1. Mean of random variable

Hello guys, we are starting random variables and I know that the mean of a random variable is the function times the probability for all x's (right?), but I am lost with the next two problems. Any help on number 1 would be greatly appreciated, full answer or not. For number 2 I am totally lost.

1. What is the mean of X which has the following density function?
f X (x) = 1/C; for: 0 <= x <= 7
Hint: Find the numerical value of C

2. Consider the probability density function given by:
P X (x) = lambda/2; for: 0<= x <=2
P X (x) = (1 - lambda)/4; for: 2<= x <=6

This is a mixture of two uniform distributions. a)Sketch P X (x) for lambda=0.5. b) Sketch P X (x) for lambda=0.333. c) In a random sample from P X (x), 60% of the values were between 0 and 2. What would be an estimate for the value of lambda?

2. The total probability mass must be one.
So find C such that $\int\limits_0^7 {\frac{1}{C}dx} = 1$.

For #2 do similarly.

3. thanks a lot
could you elaborate a bit on problem #2 please?

Hello guys, we are starting random variables and I know that the mean of a random variable is the function times the probability for all x's (right?), but I am lost with the next two problems. Any help on number 1 would be greatly appreciated, full answer or not.

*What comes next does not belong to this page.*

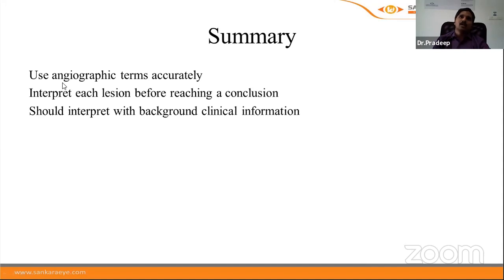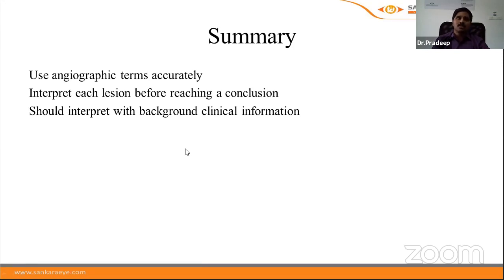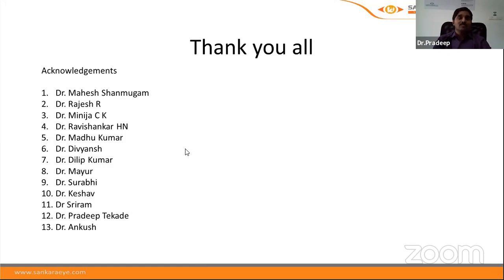To summarize: always use specific angiographic terms. Interpret each lesion before reaching a conclusion — in a complex condition like diabetic retinopathy, interpret each lesion separately. Always interpret imaging with background clinical information. This was a broad overview; the technique of performing angiography, side effects of sodium fluorescein, and other details have not been covered — please review those independently.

For number 2 I am totally lost.

1. What is the mean of X which has the following density function?
f X (x) = 1/C; for: 0 <= x <= 7
Hint: Find the numerical value of C

2. Consider the probability density function given by:
P X (x) = lambda/2; for: 0<= x <=2
P X (x) = (1 - lambda)/4; for: 2<= x <=6

This is a mixture of two uniform distributions. a)Sketch P X (x) for lambda=0.5. b) Sketch P X (x) for lambda=0.333. c) In a random sample from P X (x), 60% of the values were between 0 and 2. What would be an estimate for the value of lambda?
$\int_0^2 \frac{\lambda}{2} \, dx = 0.6 \Rightarrow \lambda = 0.6$.

5. thank you guys